Here are the JSON and plain text output versions.



### JSON



```python

import pymupdf.layout  # activate PyMuPDF-Layout in pymupdf

import pymupdf4llm



json_text = pymupdf4llm.to_json("input.pdf")



# now work with the markdown text, e.g. store as a UTF8-encoded file

import pathlib

pathlib.Path("output.json").write_text(json_text)

```



### Plain Text



```python

import pymupdf.layout  # activate PyMuPDF-Layout in pymupdf

import pymupdf4llm



plain_text = pymupdf4llm.to_text("input.pdf")



# now work with the markdown text, e.g. store as a UTF8-encoded file

import pathlib

pathlib.Path("output.txt").write_bytes(plain_text.encode())

```





**Feature Overview:**



* Support for pages with **_multiple text columns_**.

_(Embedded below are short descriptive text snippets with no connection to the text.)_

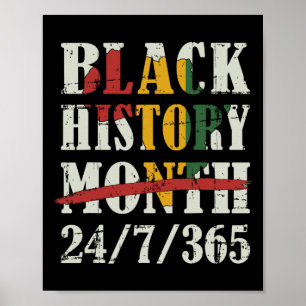 Black History Month 247365 With African Map Flag  Poster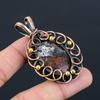 Crazy Lace Agate Gemstone Pure Copper Wire Wrapped Handmade Jewelry Pendant For Her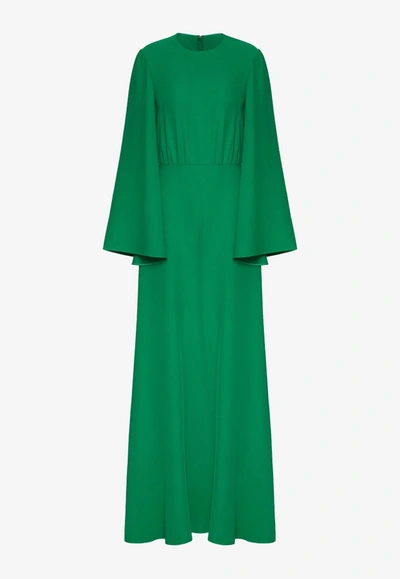 Valentino Silk-crepe Wide-leg Jumpsuit In Green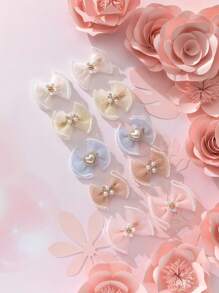 10pcs Chinese Style Pearl Lace Bow Kids Hair Clips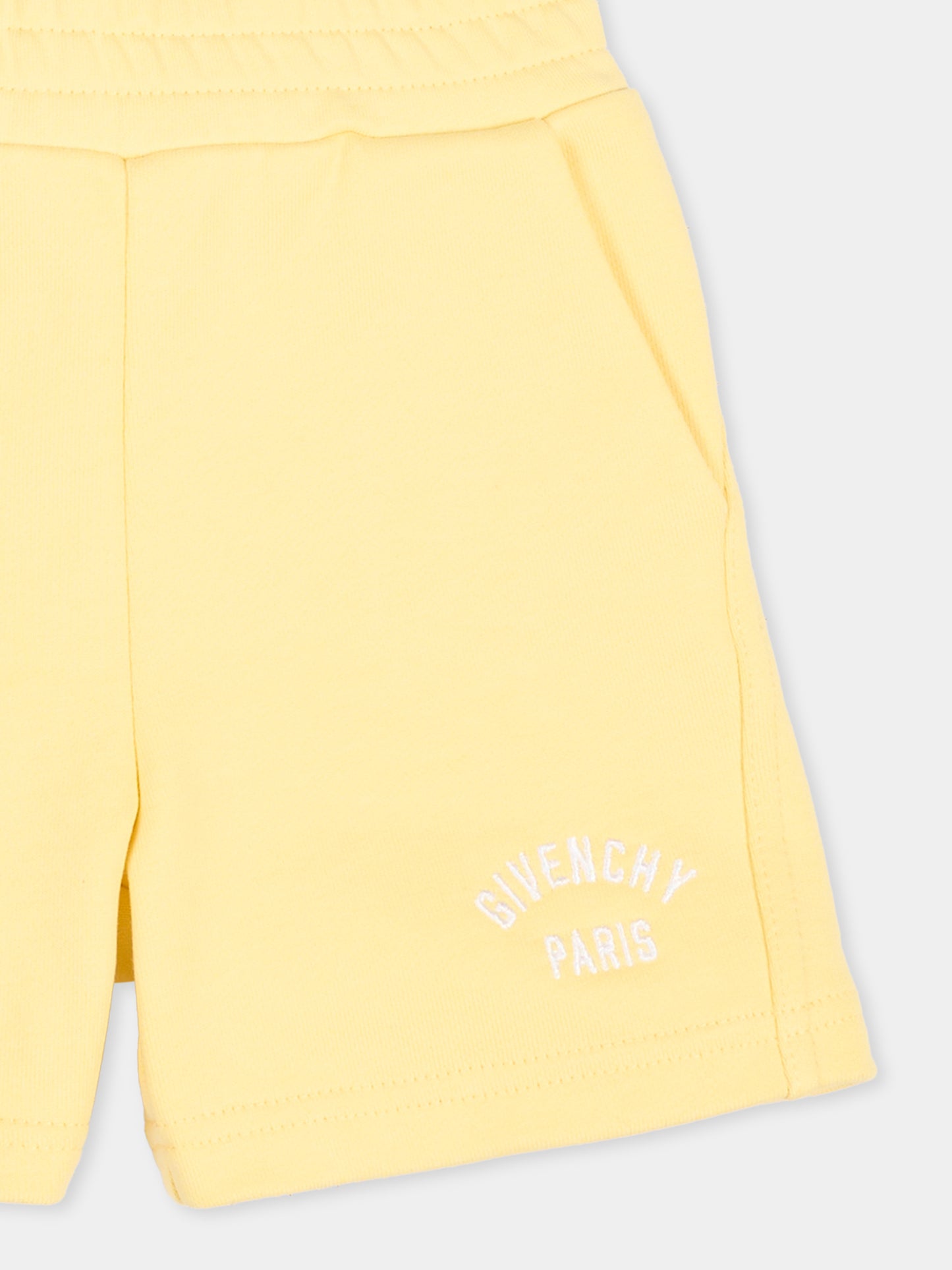 Shorts sportivi gialli per neonati con logo,Givenchy Kids,H31231 524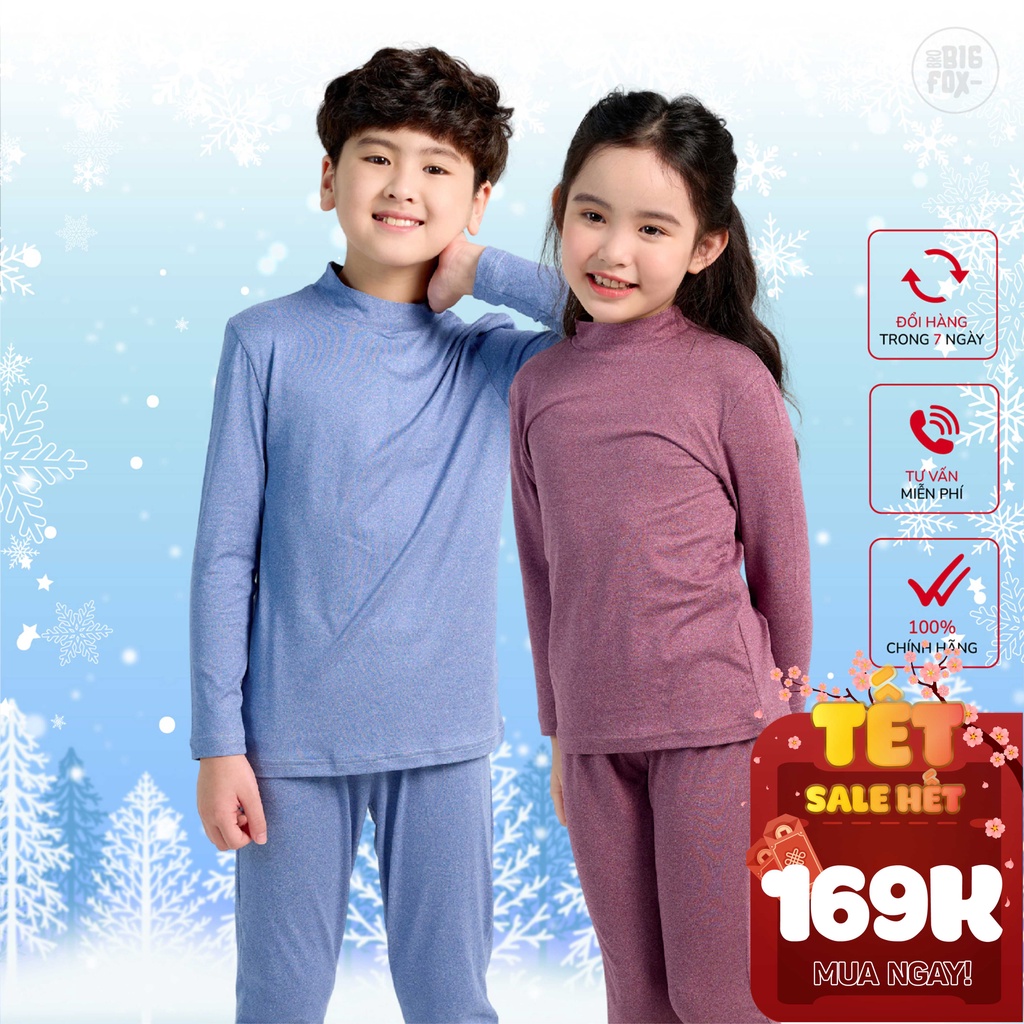 Bộ giữ nhiệt bé trai bé gái BIGFOX MISS MEOW, bộ quần áo dài tay cho bé size trẻ em 3,4,5,6,7,..11,12,13,14,15 tuổi
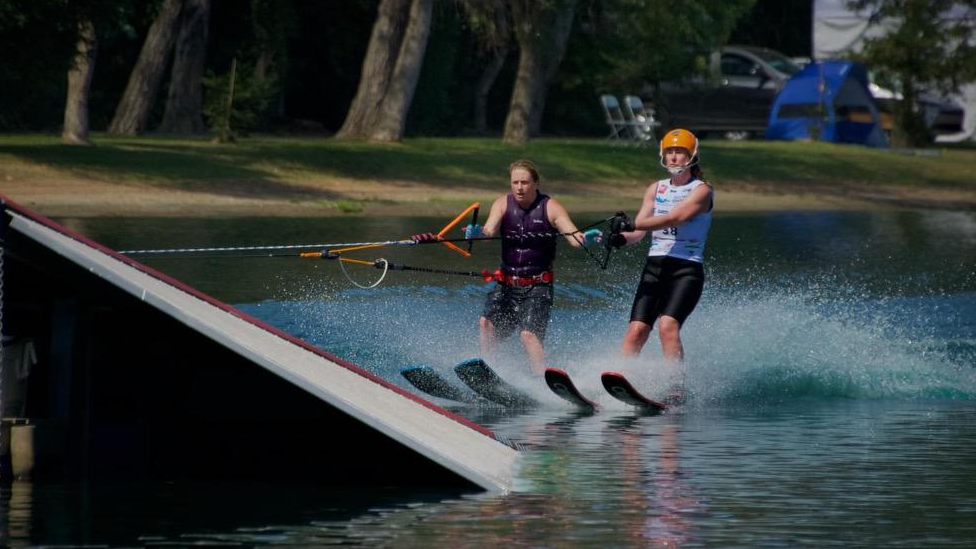 Jill Williams about to jump a ramp with her guide at the World Disabled Water Skiiing.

* Support for **_image and vector graphics extraction_**:



    1. Specify either `write_images=True` or `embed_images=True`. Default is `False`.

    2. Images and vector graphics on the page will be stored as images named `"input.pdf-pno-index.extension"` in a folder of your choice or be embedded in the markdown text as base64-encoded strings. The image `extension` can be chosen to represent a PyMuPDF-supported image format (for instance "png" or "jpg"),  `pno` is the 0-based page number and `index` is some sequence number.

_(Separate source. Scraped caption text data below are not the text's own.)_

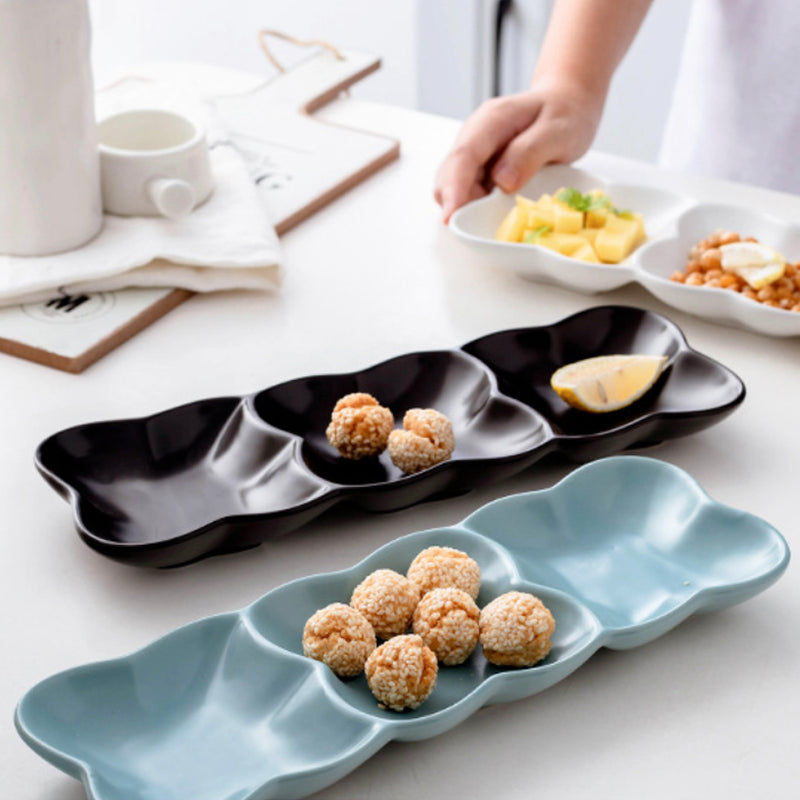 Long Plate Clover - Serving plate, snack plate, plate with compartment | Plates for dining table & home decor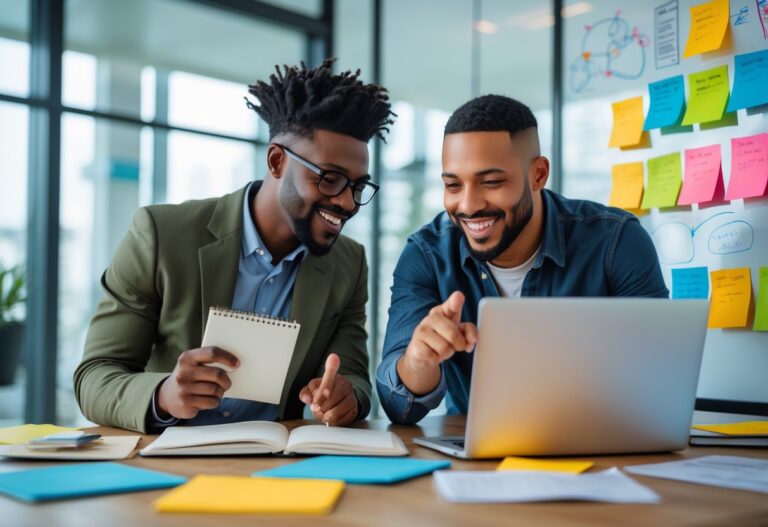Duas pessoas colaborando em um escritório moderno, discutindo ideias com um notebook e um laptop, cercadas por notas coloridas e um quadro branco com esboços.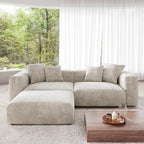 Divano componibile con 4 cuscini, moderno e lussuoso divano modulare componibile con chaise longue e pouf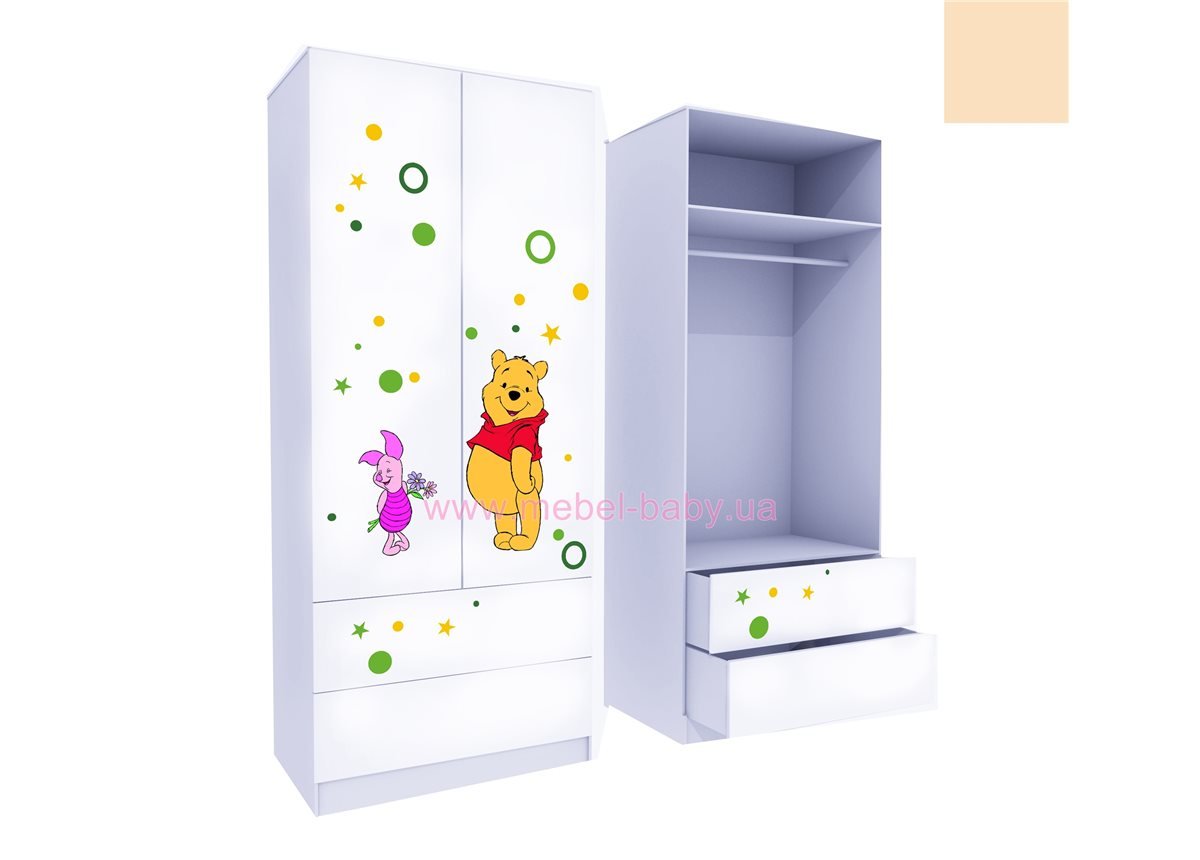 Шкаф с двумя ящиками верх для одежды Винни 2 211x90x50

    3. The image files will have width and height equal to the values on the page. The desired resolution can be chosen via parameter `dpi` (default: `dpi=150`). So this is not an actual **_extraction_** but rather rendering of the respective page area.

    4. Any standard text written in image areas will become a visible part of the generated image and otherwise be ignored. This behavior can be changed via `force_text=True` which causes the text to also become part of the output.



* Support for **page chunks**: Instead of returning one large string for the whole document, a list of dictionaries can be generated: one for each page. Specify `data = pymupdf4llm.to_markdown("input.pdf", page_chunks=True)`. Then, for instance the first item, `data[0]` will contain a dictionary for the first page with its text and some metadata.



* As a first example for directly supporting LLM / RAG consumers, this version can output **LlamaIndex documents**:



    ```python

    import pymupdf4llm

    

    md_read = pymupdf4llm.LlamaMarkdownReader()

    data = md_read.load_data("input.pdf")



    # The result 'data' is of type List[LlamaIndexDocument]

    # Every list item contains metadata and the markdown text of 1 page.

    ```



    * A LlamaIndex document essentially corresponds to Python dictionary, where the markdown text of the page is one of the dictionary values. For instance the text of the first page is the value of `data[0].to_dict().["text"]`.

    * For details, please consult LlamaIndex documentation.

    * Upon creation of the `LlamaMarkdownReader` all necessary LlamaIndex-related imports are executed. Required related package installations must have been done independently and will not be checked during pymupdf4llm installation.